With dwindling tax funds, we have re-prioritized our service activities, with the safety of the public remaining our number one concern. Cases involving humans will be approved for hearings on a case-by-case basis, depending on the severity. We do not have the resources to pursue prosecution for most cases of animal to animal violence, even those that involve the death of an animal.
However, those who purposefully fight animals will continue to be investigated and prosecuted as this activity is against the law.
Tips to keep animals safe from other animals:
- Make sure fencing around the yard is secure and of sufficient height to not allow your pet to escape or others to enter.

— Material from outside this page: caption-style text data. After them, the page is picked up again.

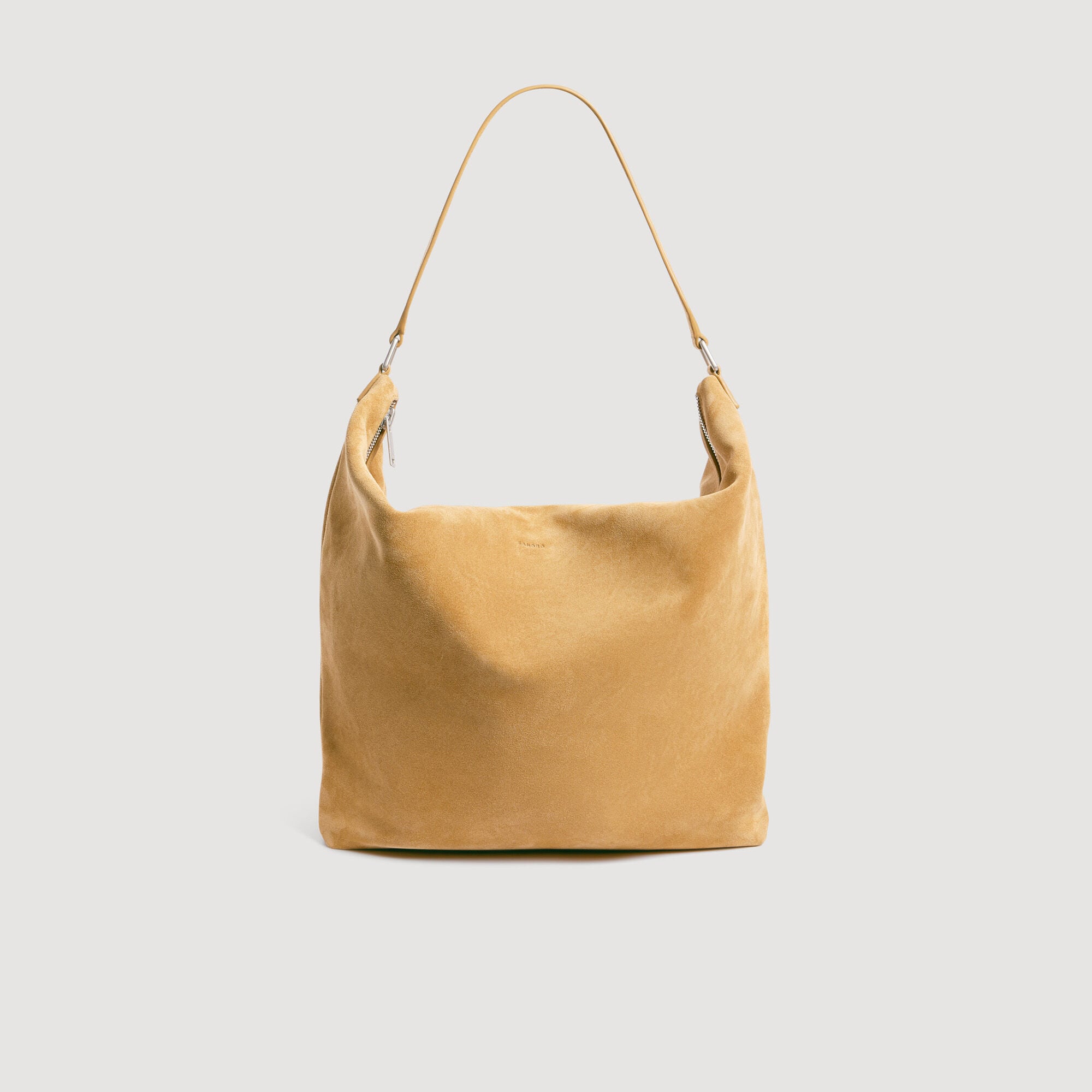 Sac hobo zipp&eacute; en cro&ucirc;te de cuir - Homme | Sandro Paris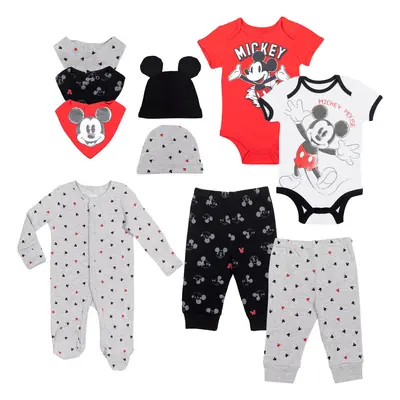 Disney Mickey Mouse Newborn Baby Boys Zip Up Sleep Play Coverall Bodys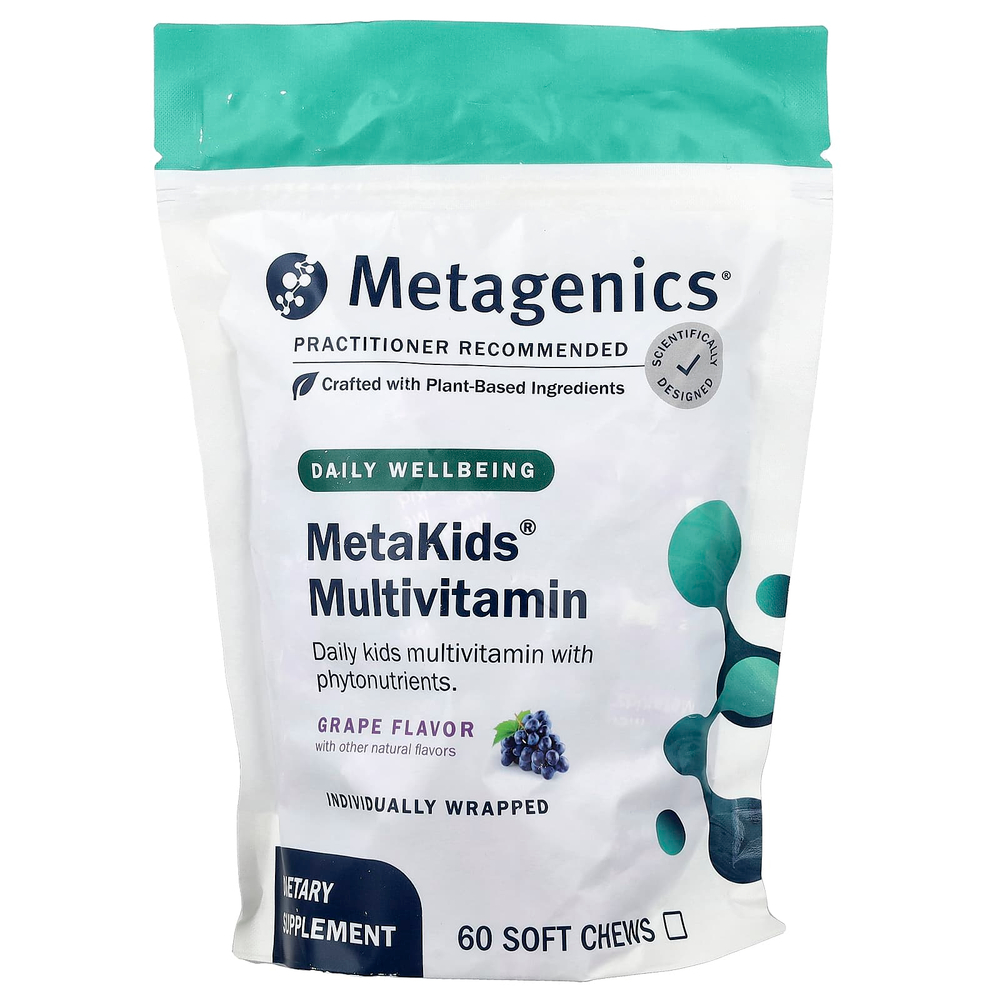 Metagenics, MetaKids®, мультивитамины, со вкусом винограда, 60 жевательных таблеток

- Put locks on yard gates and consider keeping pets indoors when you are away from the home.
- Make sure the gates from your yard and the doors from your home secure properly.
- Make sure you know the animals in your neighborhood and their owners. Walk the area and make sure that fences and animals are secure. Discuss concerns with your neighbors.
- Do not let your animals roam free. Dogs should be on leash and cats indoors.
- Keep a close eye on your dog when in public; find a safe play situation with dogs you know.
General safety/reporting hints:
- When going for walks, be aware of which neighborhoods have dogs and how they react when you walk by.
- Take note of any "Beware of Dogs" signs.
- Always carry a walking stick or another strong and sturdy item. In case of dog attack, use this item to distract the dog into biting it.
- If you sense a dog attack is imminent, NEVER pick up your dog as a means to protect it. An aggressive dog will not be able to differentiate your body from that of the dog.
- The County does not recognize "vocal command" in lieu of the leash law. Report these offenders even if the dog does not show aggression.
- Never attempt to break up a dog fight with your bare hands. Even trained professionals can get badly injured when attempting to.
- Always report when a dog is loose in your neighborhood, regardless of the dog behavior. Because dogs are naturally territorial, often, a dog's aggression will progress as it feels that it has a larger area to protect. Also, by reporting a loose dog, it allows Animal Care to have history on the dog to establish means for impounding the dog should the situation warrant it.
- Report any bite to a human, regardless of severity.
- Obtain as much information as possible about the owner in the case of any dog-on-dog or dog-on-human bite. Dog owners are required by law to give all information to the victim when a bite occurs. (Penal Code 398).
- If your animal is attacked by wildlife, please report the incident to us as your pet could have been exposed to rabies.
- If your animal does become a victim of another animal's attack, please call us at 916-368-7387 so the incident can be documented.
- If your animal is attacked by wildlife, please contact Animal Care at 916-368-7387. In the case of a skunk or bat, Animal Control will make every attempt to catch or pick it up and test it for rabies at no charge.
- If your animal is injured, you may have other options available, such as civil court, if your animal is injured by another person's pet. We are always available to discuss each situation and offer any help that we can.
Whether a case qualifies for a dangerous/vicious animal designation or not, Animal Care will investigate every case of animal aggression and determine if the animal is to be seized for public safety and what conditions must be met before the animal is returned to the owner. These conditions will be based first and foremost on what is needed to keep the community safe. Learn more about vicious dog hearings...
Please note - Only a hearing officer/judge can order a dog to be euthanized and cannot be ordered into a seizure hearing. However, with a seizure hearing, Animal Care has the authority to hold the dog until the owner demonstrates a capacity to our satisfaction to keep the dog contained. All fees are the owner's responsibility.